Well, you kinda pegged your fate and future to Apple by choosing to worked into their locked ecosystem right?

It's not like it was an accidental choice, you knew that you'll have to buy whatever Apple serves you in whatever form they want as long as you want to service that platform.

Last I build a windows phone app, which was ~3 years ago, I needed windows running on my Mac. With a mac I can build for iOS, Android and WinPhone. With a Windows box, I cannot build iOS apps. I don't know what is more locked.
That's an interesting way to look at it. Since Microsoft let's you install Windows on whatever hardware you want clearly macos is more locked down but due to Apple's lock down you get more flexibility by using a Mac.
4-5 years ago when I was building AIR mobile apps; you could build iOS apps on Windows.

You can do everything you could do on a Mac except upload the final build to the iOS app store.

To my knowledge there is no way to use native Apple tools to build iOS apps on Windows; but I haven't kept up with the tech.

Yeah, its alright though, its much more enjoyable to web development to me.
Sounds like he chose to work as a mobile developer, not an iOS developer.

A Mac let's you write for iOS and Android. Windows doesn't.

To be fair, it's Apple that doesn't let you develop for iOS on Windows, not Microsoft.
Yes but Microsoft doesn't let you build on macOS either. With mac, you still have an option of installing windows. I am not saying one is better than the other, but as a developer, I feel macOS gives me best bang for the buck.
It's Apple that doesn't let you install macOS on a VM or other hardware. Microsoft has no control over that.
Microsoft does have control over building a version of Visual Studio that runs on macOS if they really don't discriminate based on the platform. They want their phone apps built on windows and I think it is fair, but they aren't that much different from Apple.
this was the opposite of 20 years ago - sure, you can do loads on macs, except build visual basic apps for the windows ecosystem.
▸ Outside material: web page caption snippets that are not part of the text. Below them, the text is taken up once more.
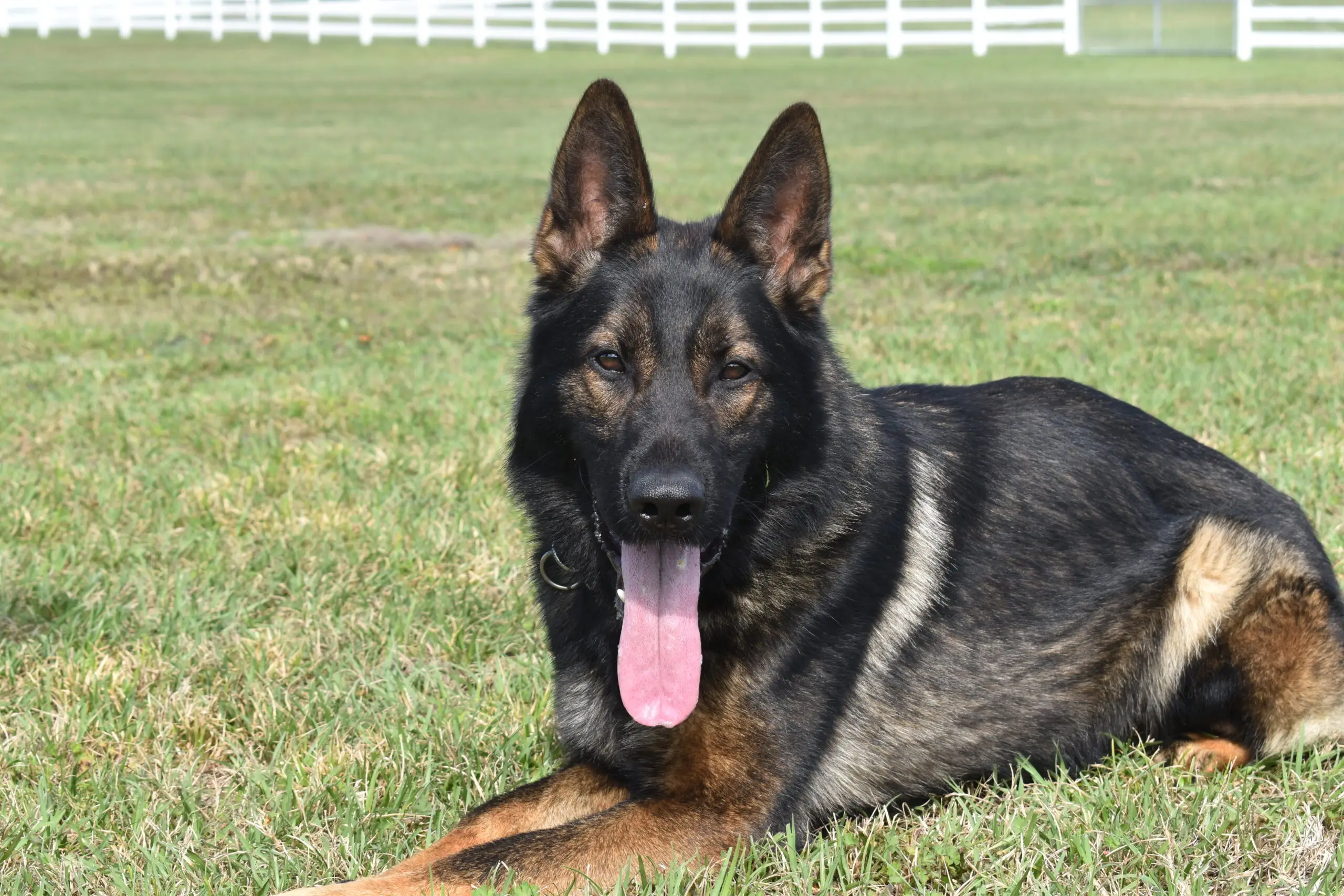 Unveiling the Legacy East German Working Line German Shepherds and Their Dedicated Breeders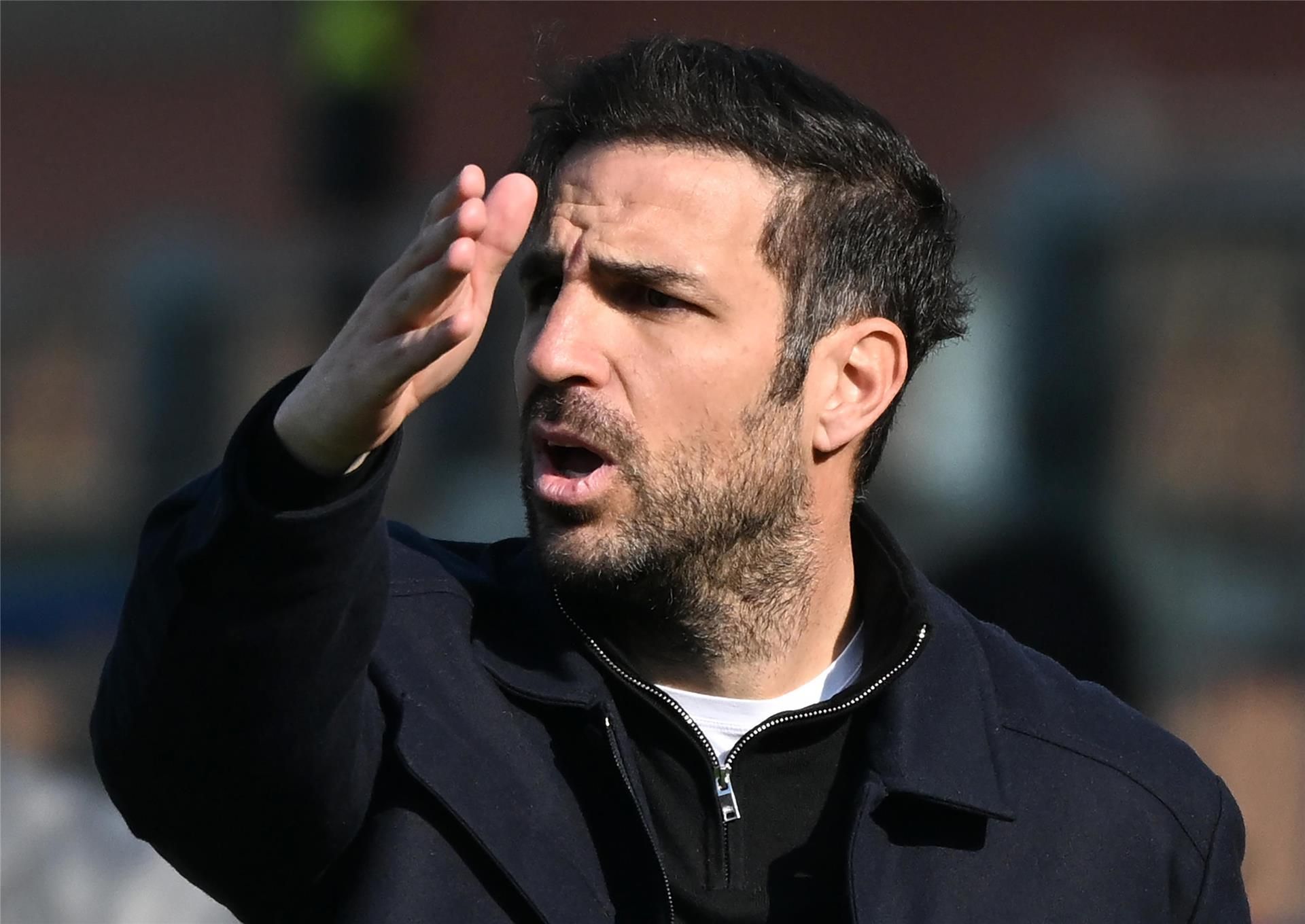 سيسك فابريجاس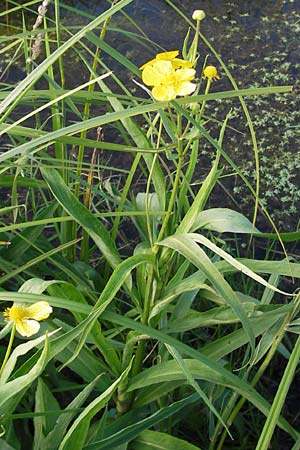 Ranunculus lingua \ Zungen-Hahnenfu / Greater Spearwort, D Groß-Gerau 4.7.2013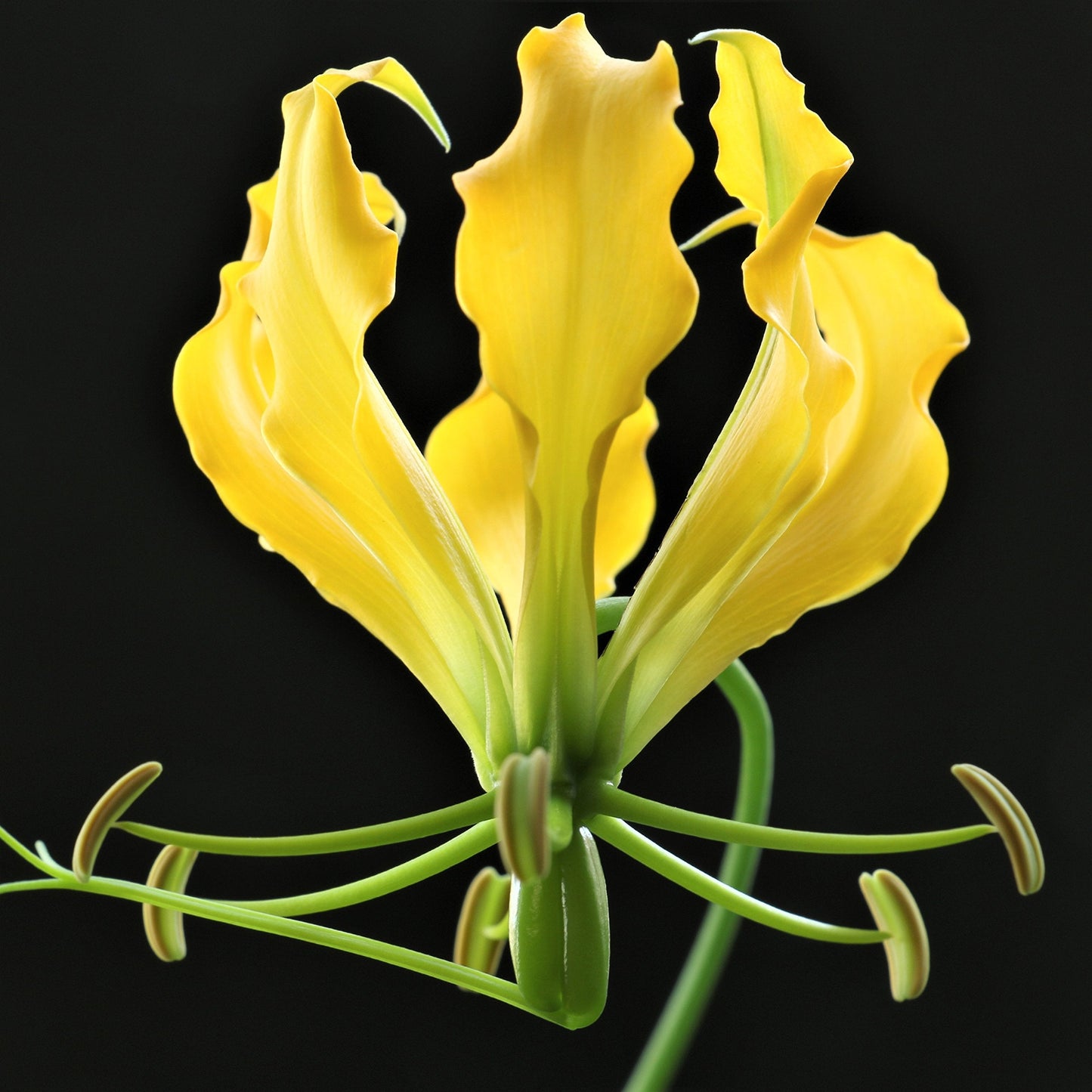 Easy to Grow Gloriosa Lutea - 3 Plant Tubers, Yellow Flowering Vine in Summer Gardens
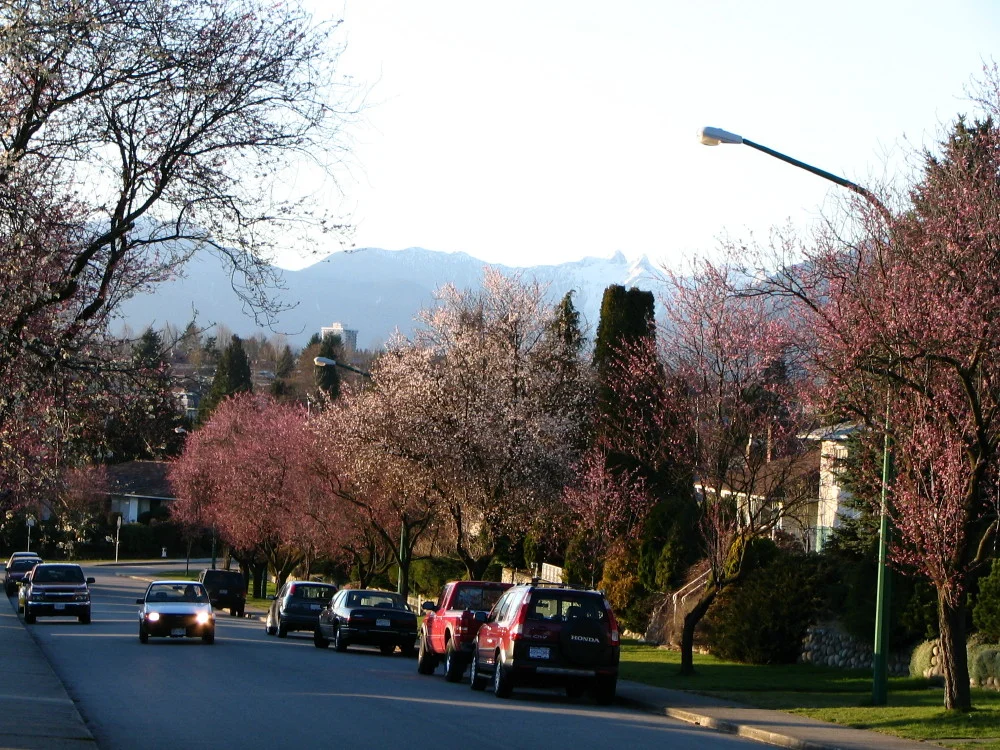 Photo of Brentwood Park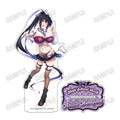 High School DxD Newly Drawn BIG Acrylic Stand LL (American School ver.) Akeno Himejima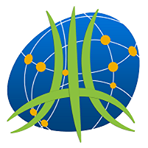 logo cerm
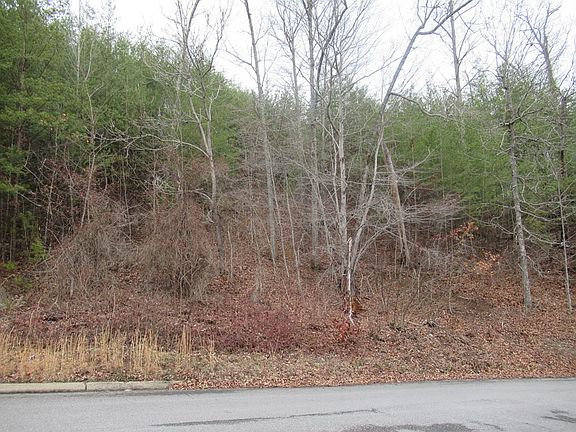 2nd image of 156 Bear Valley Rd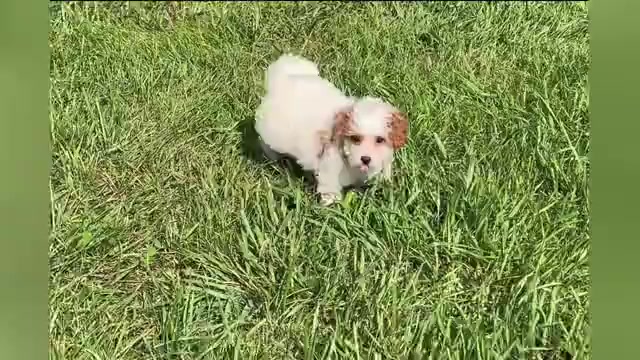 Video preview image #1 Poodle (Toy) Puppy For Sale in WARSAW, IN, USA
shoe's on the other foot now.

if MS had done a better job in mobile, there'd be more reason to target windows for regular joe consumers, but they lost that market (for now anyway?). :(

> except build visual basic apps for the windows ecosystem

Parallels/BootCamp?

> this was the opposite of 20 years ago

perhaps I should have put that other part in quotes. that was the refrain from mac-bashers at the time (well, one of them). Everything revolved around windows ecosystem, it had the developer mindshare and market strength, etc.

It's not the same story today.

asp.net core 1 is cross platform, using visual studio code you can now build lots without visual studio... but not older enterprise projects of course and or visual projects.